| Goal of the exercise |
Your reproduction of the entries should be exact and should contain no pictures.
── Records shown
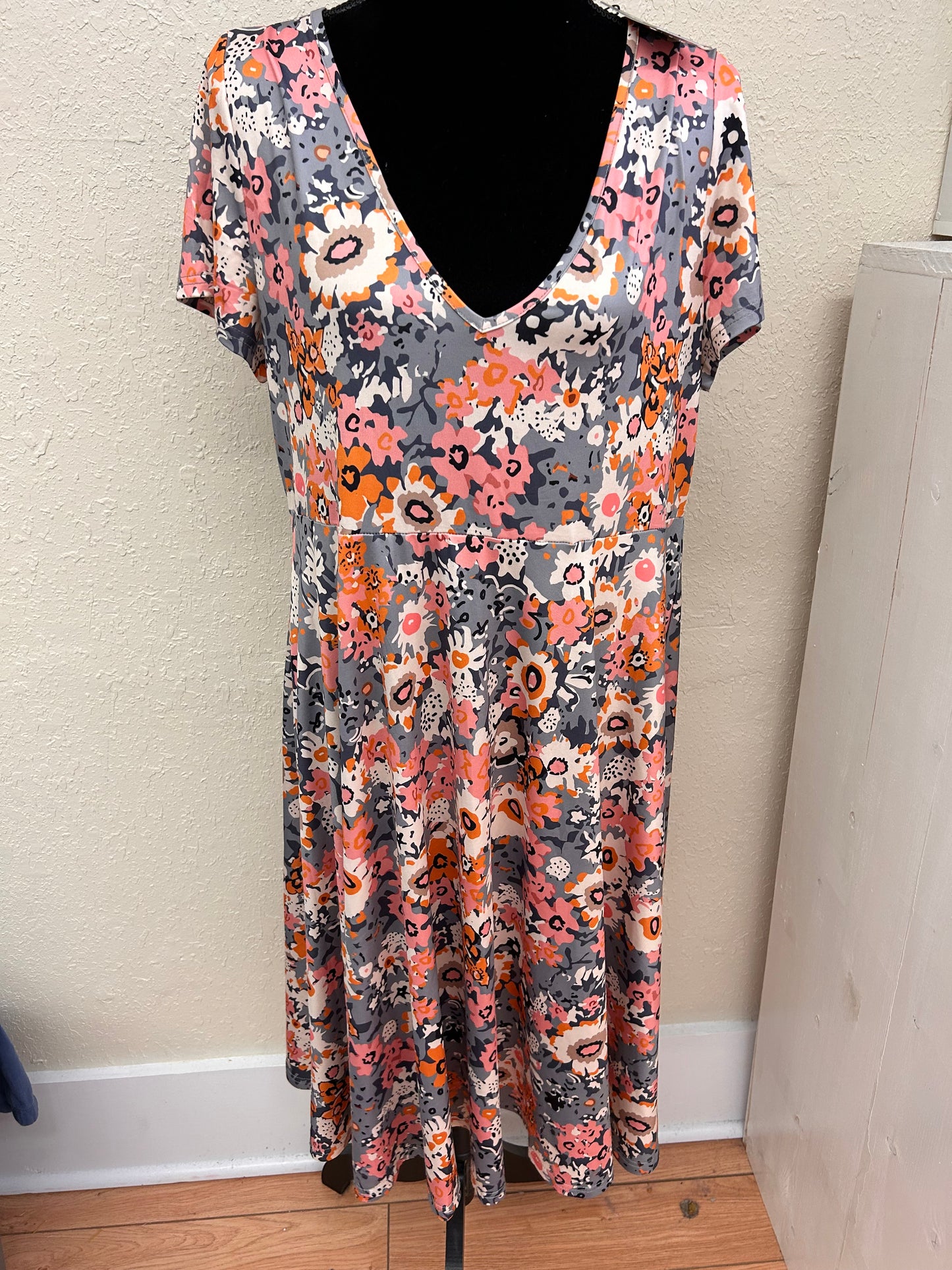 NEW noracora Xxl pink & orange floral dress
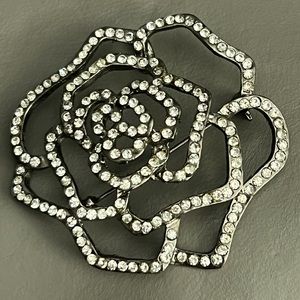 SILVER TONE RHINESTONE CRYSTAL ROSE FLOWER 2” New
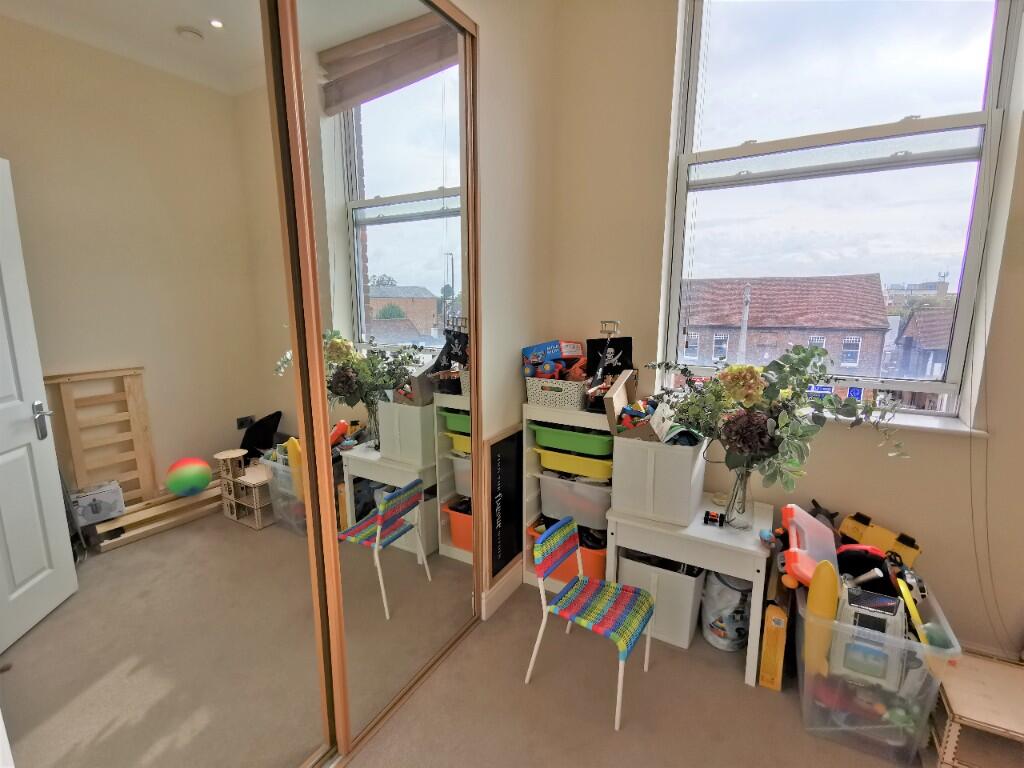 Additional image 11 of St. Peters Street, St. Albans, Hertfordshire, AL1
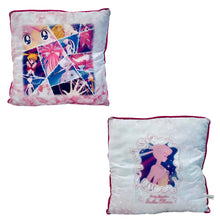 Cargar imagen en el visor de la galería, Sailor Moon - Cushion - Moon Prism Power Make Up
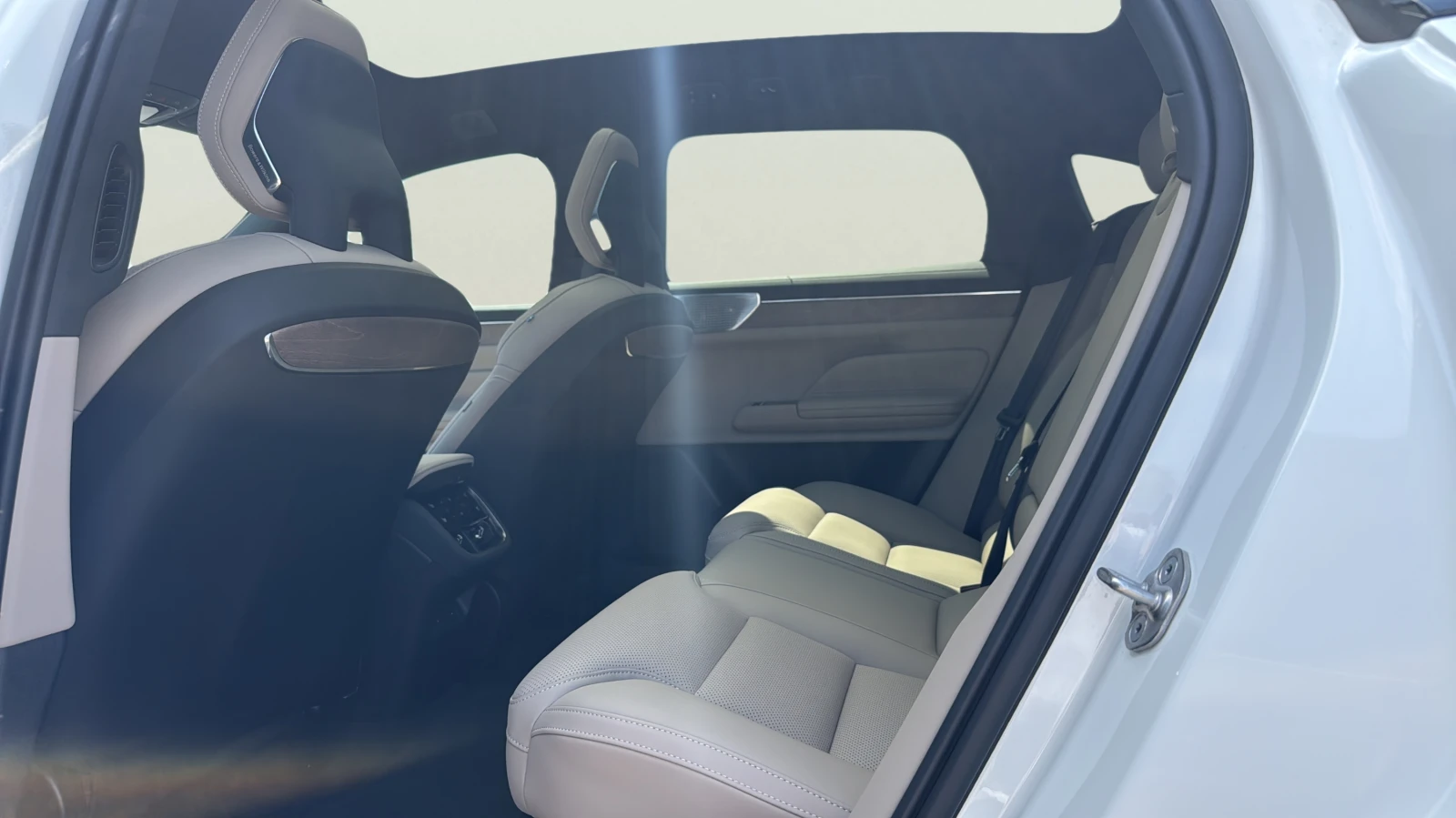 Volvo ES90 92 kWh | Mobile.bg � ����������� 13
────
| Exercise result |
 NEW noracora Xxl pink & orange floral dress
 SILVER TONE RHINESTONE CRYSTAL ROSE FLOWER 2” New
 Additional image 11 of St. Peters Street, St. Albans, Hertfordshire, AL1
 Cargar imagen en el visor de la galería, Sailor Moon - Cushion - Moon Prism Power Make Up
 Volvo ES90 92 kWh | Mobile.bg � ����������� 13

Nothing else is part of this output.